§ **TASK TO CARRY OUT**
Transcribe the listing verbatim, please, with images dropped.

§ **INFORMATION SHOWN**
· · · · · · ·

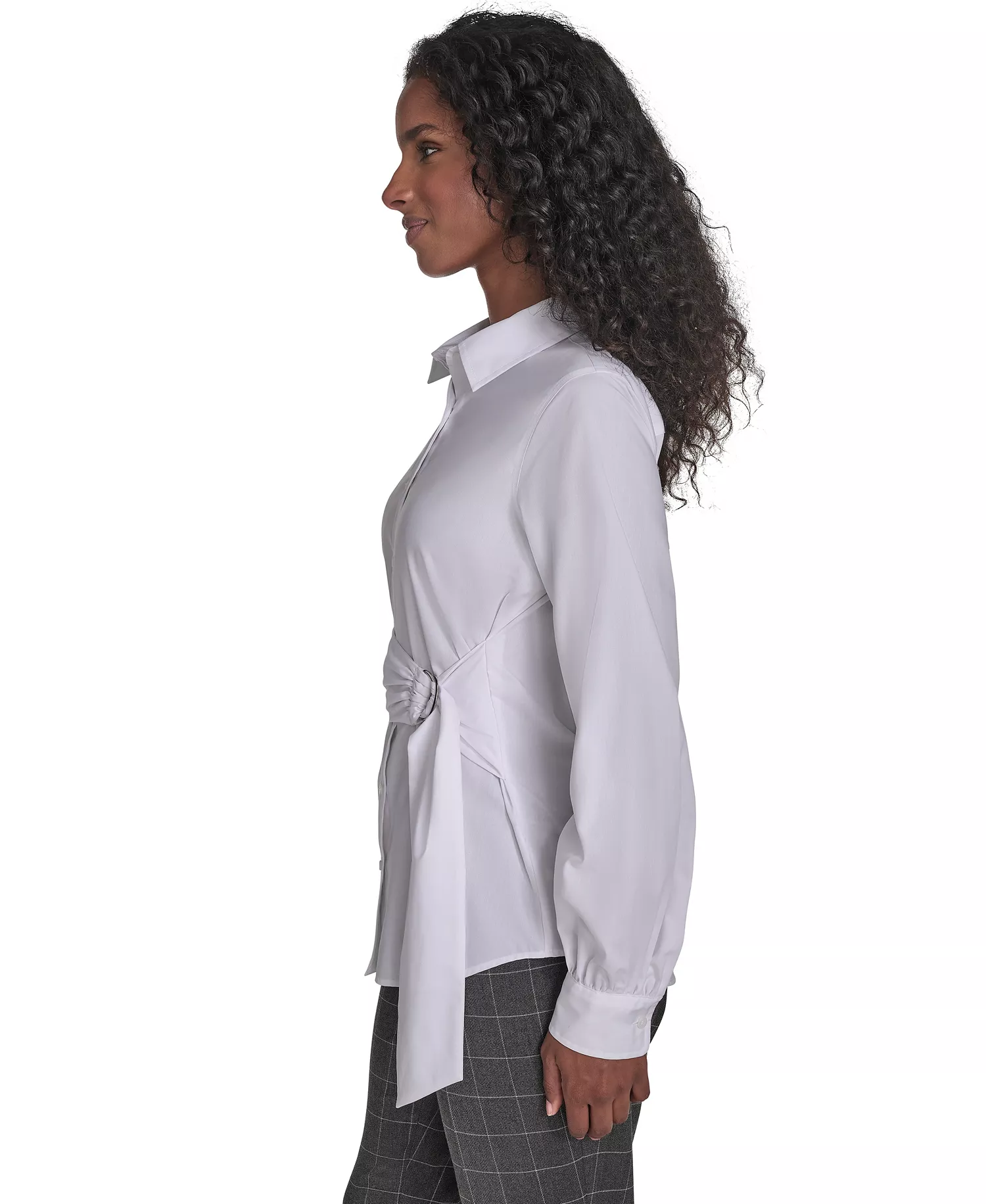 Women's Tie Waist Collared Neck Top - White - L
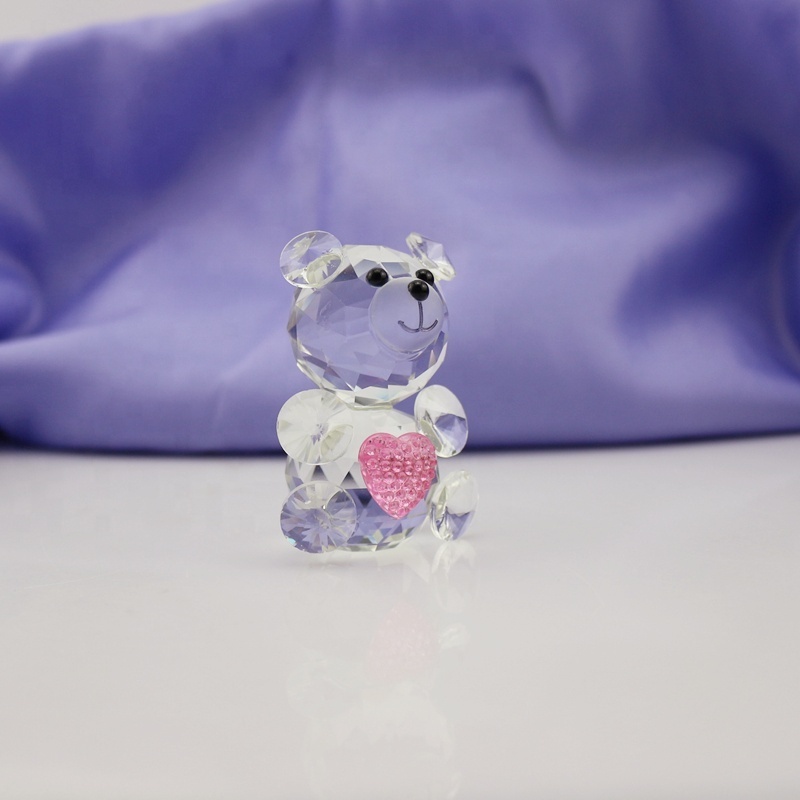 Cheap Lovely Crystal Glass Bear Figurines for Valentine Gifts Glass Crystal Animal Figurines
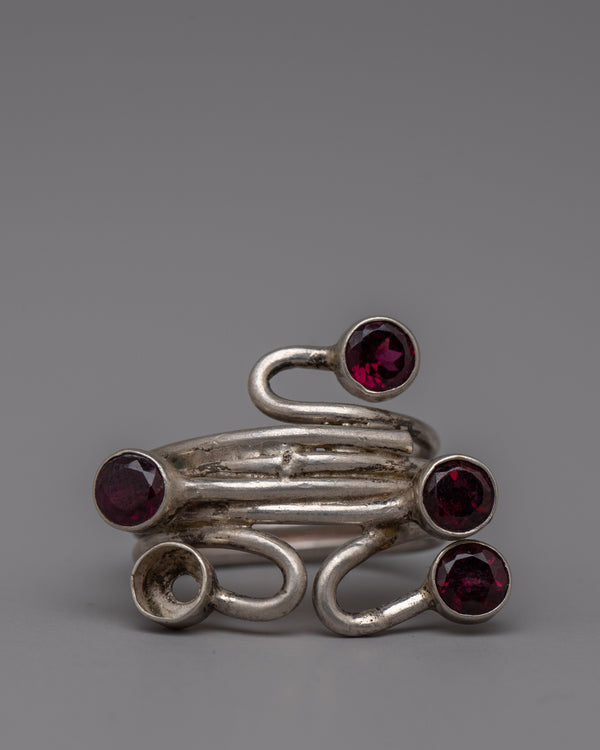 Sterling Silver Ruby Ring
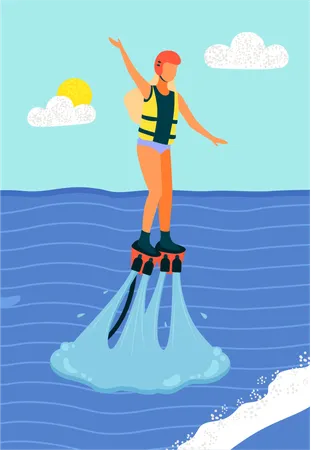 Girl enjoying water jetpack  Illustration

· · · · · · ·

§ **ANSWER TO THE PROBLEM**
 Women's Tie Waist Collared Neck Top - White - L
 Cheap Lovely Crystal Glass Bear Figurines for Valentine Gifts Glass Crystal Animal Figurines
 Sterling Silver Ruby Ring
 Girl enjoying water jetpack  Illustration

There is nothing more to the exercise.